Structured hidden databases are widely prevalent on the Web. They provide restricted form interfaces that allow users to execute search queries by specifying attribute values of the desired records, and the system responds by ranking and returning a few (e.g., top-k) matching records. For example, cars.com offers a form interface for its used-car database which allows users to search by make, model, year, etc., and returns the top-1500 cars ranked by price. Agencies or companies that own such databases have two conflicting goals: (i) provide information to the target audience such as customers or 3rd party applications, while (ii) avoiding leakage of private or sensitive information to competitors, malicious users etc. We propose innovative data querying and analytical techniques that can simultaneously address both goals with minimal changes to existing interfaces. These methods will work in distributed settings where there can be multiple data sites that cooperate or are in competition (adversarial). Since both effective information sharing and privacy/security issues are of central concern in recent efforts to share health information (EHRs), law enforcement agency collaboration, e-governance, etc., the impact and application of the proposed research will be immediate and broad.

Distributed Cooperation: We have recently pioneered techniques for obtaining random samples of hidden databases via their public interfaces. Samples reveal approximate aggregate information about the database, which is useful in the cooperative setting for powering diverse third-party applications such as Web mash-ups and meta-search engines. We now propose to develop sampling and data analytic techniques, with focus on data heterogeneity, scalability and characterization of sampling bias. We show how distributed data mining can be carried out across multiple databases, under a variety of data sharing constraints, thereby enabling secure cooperation. Moreover, the above cooperation schemes will be significantly generalized to cover semi-structured data as well as unstructured (free text) queries.
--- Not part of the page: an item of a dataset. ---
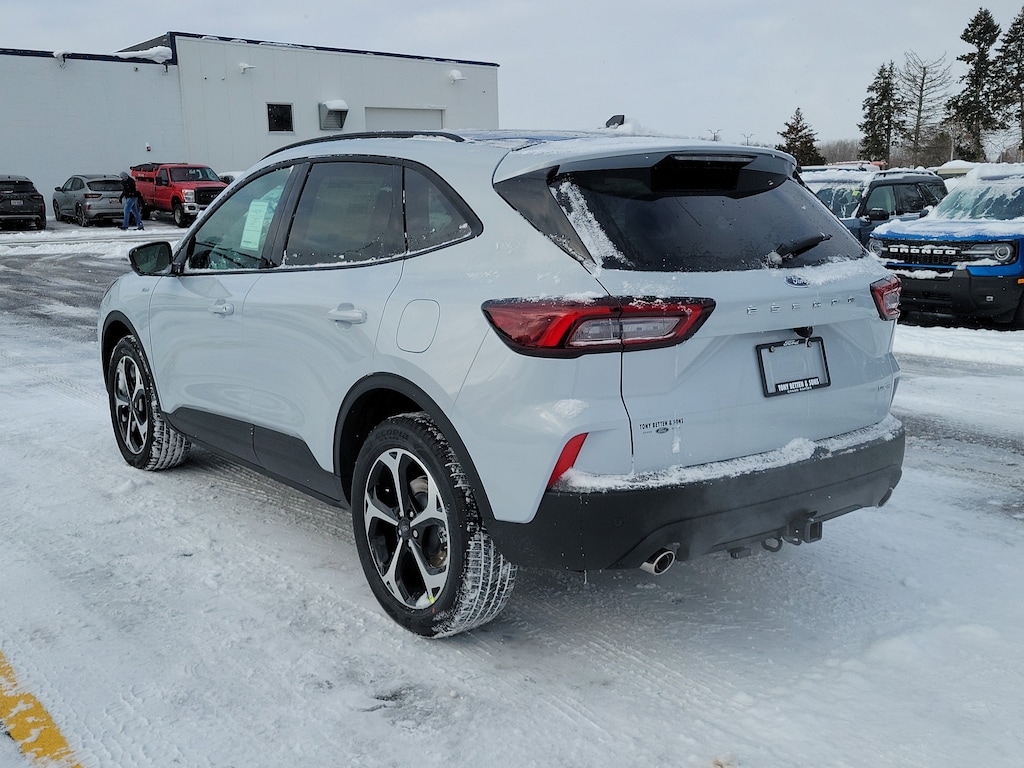 New 2026 Ford Escape ST-Line Select SUV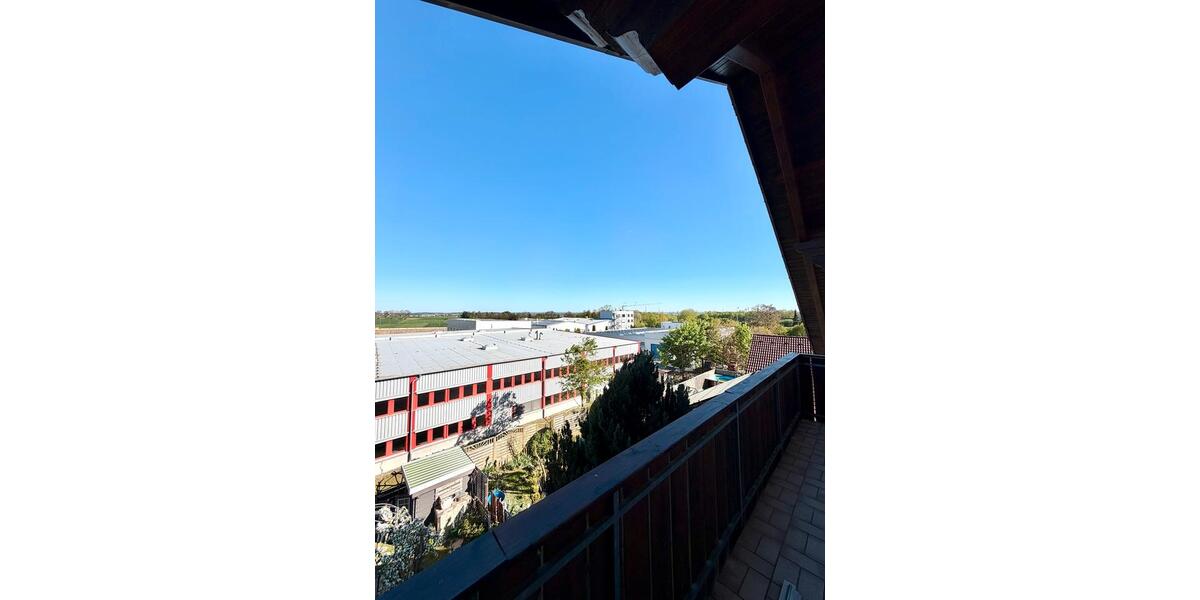Dachgeschoßwohnung Ingolstadt Nordost - 2 Zimmer, 67 m&sup2;, 950&euro; | Angebot:26394273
Competition: Addressing adversarial settings is even more urgent, as the recently developed methods of revealing aggregate information from a model number of samples have exposed the vulnerability of a large number of existing databases. We propose several promising defense mechanisms including query auditing, answer perturbation, on-demand dummy insertion and front-end interface redesign. Finally, both settings will be unified wherein aggregate suppression methods are employed for sensitive parts of databases while trusted allies are provided mechanisms to bypass specific defense mechanisms. A multi-agent system for this purpose is proposed based on the mathematically sound "collective intelligence" framework. A flexible testbed demonstrating sampling and mining of hidden databases , as well as robust distributed cooperation shall be developed to implement, test and validate the developed techniques. Large, real-life databases from Microsoft, Yahoo! and other sources shall be used for these purposes.

The proposed team of three faculty will provide complementary expertise in query processing/aggregation, database design, distributed data mining, multi-agent systems, web interfaces and information retrieval, needed to adequately cover all aspects of the proposed work.